Winston
Churchill once said that “History is written by the winners.”
When the Stonewall Riots occurred in 1969 the history of more than a
century-long oppressed people finally got national attention. And,
since that historical moment, the suppressed and closeted oral
histories of our fierce and courageous LGBTQ brothers and sisters
began to be documented - openly and uncensored.
In
less than half a century later a new field of inquiry called Queer
Studies began to tell our stories. And, as a young discipline, it’s
still on a fact-gathering mission.
LGBTQ
History Month is young, too. It’s a public month-long
celebration and acknowledgment of our contribution to American
History. Just twenty-three years old it was first celebrated in 1994,
as an outgrowth from National Coming out Day (October 11) founded in
1988.
As
a community that can now openly gather, preserve and archive our
history, LGBTQ History Month affords us the opportunity to celebrate
new voices and individuals to this newly emerging canon.
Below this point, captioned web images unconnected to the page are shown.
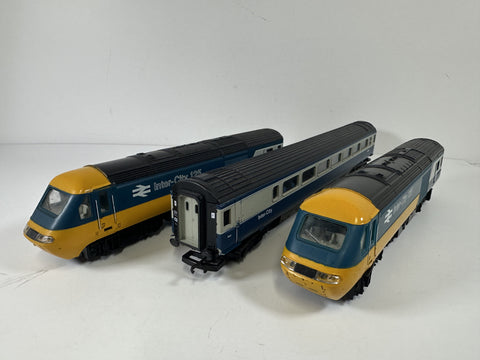 Hornby R332 Class 43 & Mk3 Coaches '43010' & '43011' (OO)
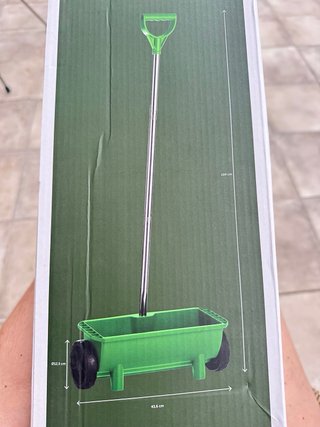 Carro esparcidor de semillas y fertilizante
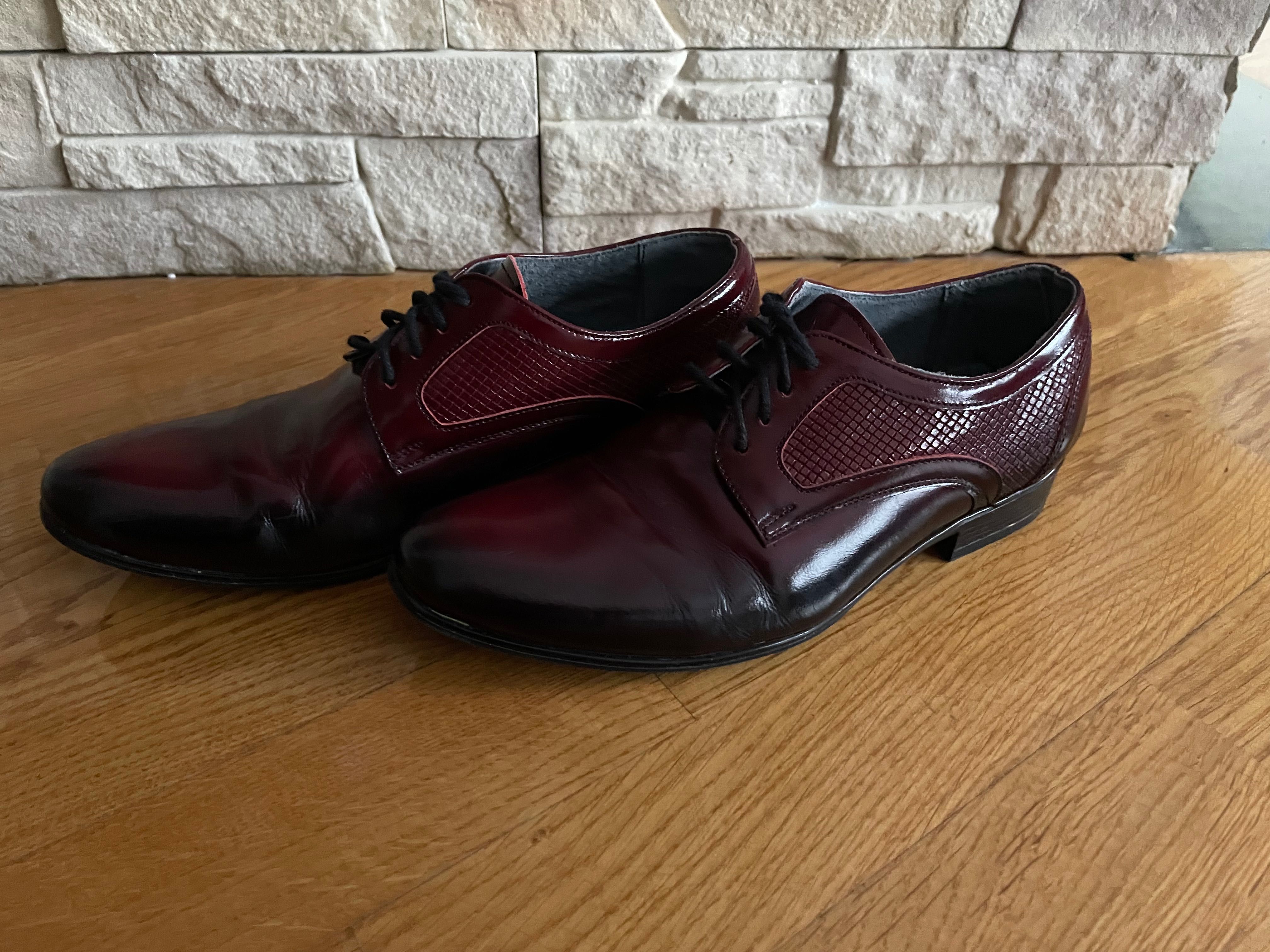 Buty garniturowe dla chłopca/ 32 rozm.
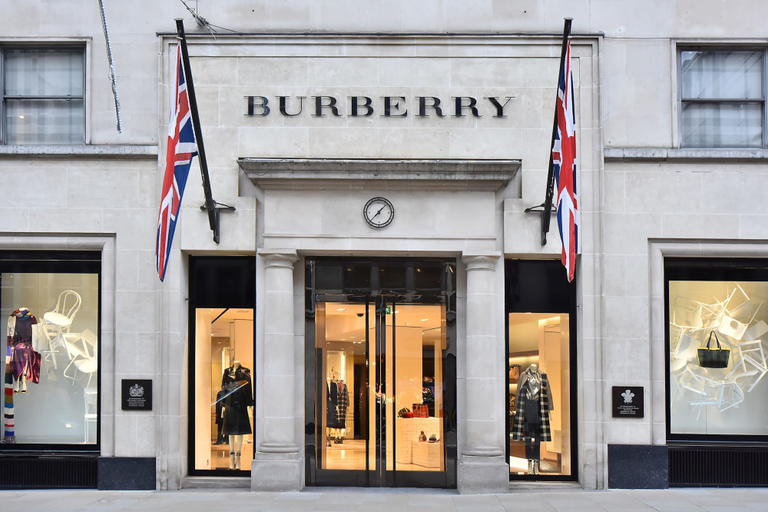 Room 3, Albemarle Elegance III - 37as3, London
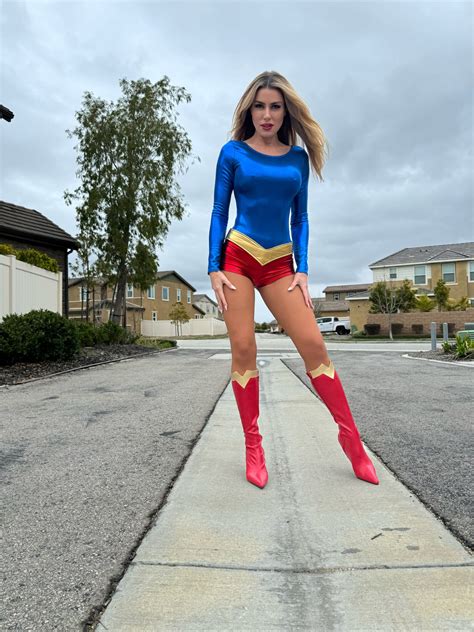 UltraGirl: A look at the 2024 Final Four - The Adventures of UltraGirl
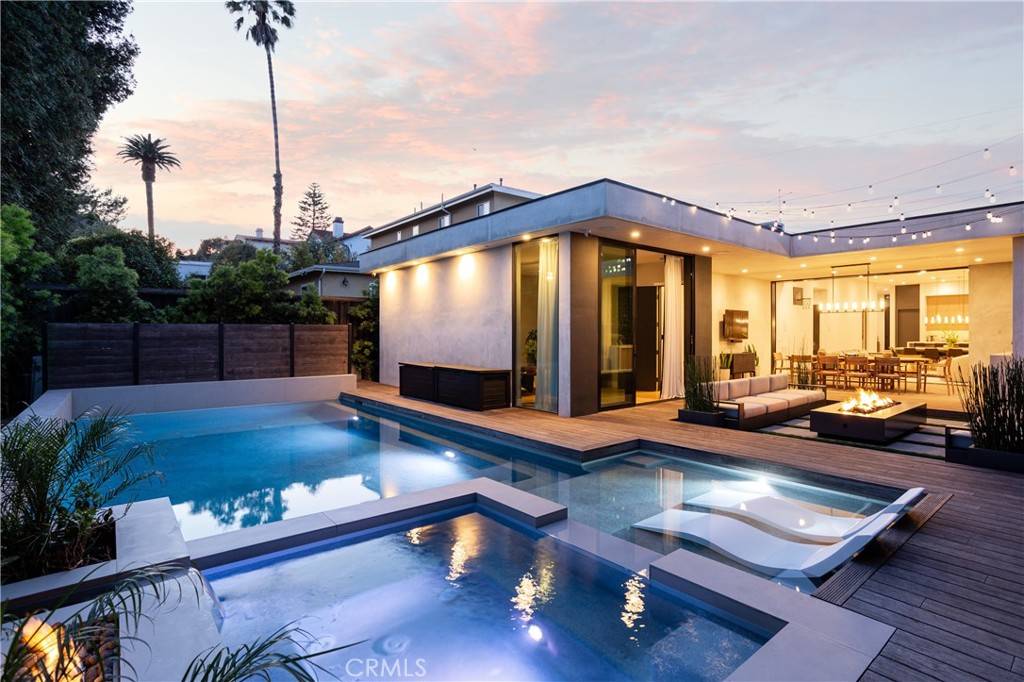 Manhattan Beach, CA 90266,1756 Voorhees AVE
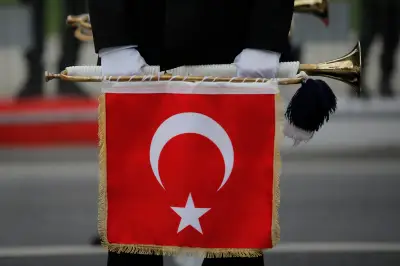 Turkiye detains comedian for allegedly insulting religious values
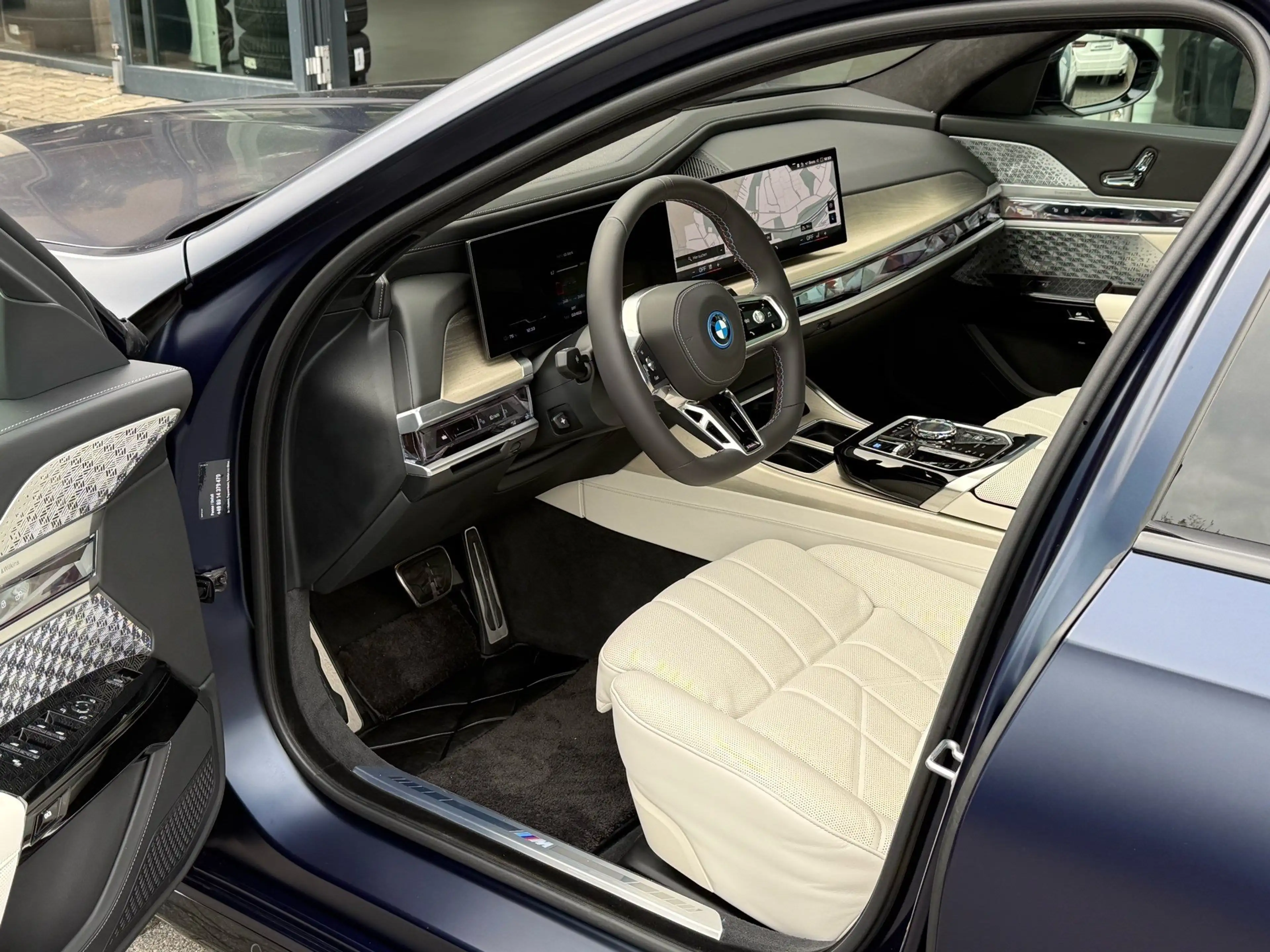 BMW i7 M70 xDrive M Performance Paket Ex.LoungeSeat. — photo 5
And, the
more diversified the LGBTQ historical cannon becomes a more robust
and accurate picture emerges of the shakers and movers of a
century-long civil rights movement pre-dating Stonewall.
However,
the whitewashing that’s showcased during this month with the
usual renown figures like James Baldwin and Bayard Rustin thrown in
as tokens of inclusion does a tremendous disservice not only to the
intention of the month-long celebration but it also does a disservice
to the importance of the historical record attempting to climb out of
a queer closet now open.
Both
Black History Month in February and Women’s History Month in
March similarly omit from their month-long celebrations trailblazers
whose lives should be acknowledged, too. In presently analyzing the
intersectionality of peoples' lives historical records that were once
canonized and deemed as the gospel of truth are now being redacted
for their glaring omissions. For example, Queer Studies forced the
once deliberated and hidden omission of Bayard Rustin from the
historical annals of the 1960’s Black Civil Rights Movement to
his rightful place as a key figure. Usually mentioned as merely a
historical footnote, we can no longer accurately talk about the
historic 1963 March on Washington without Bayard Rustin. Rustin,
inarguably, is one of the tallest trees in our forest, was the
strategist and chief organizer of the March that catapulted the Rev.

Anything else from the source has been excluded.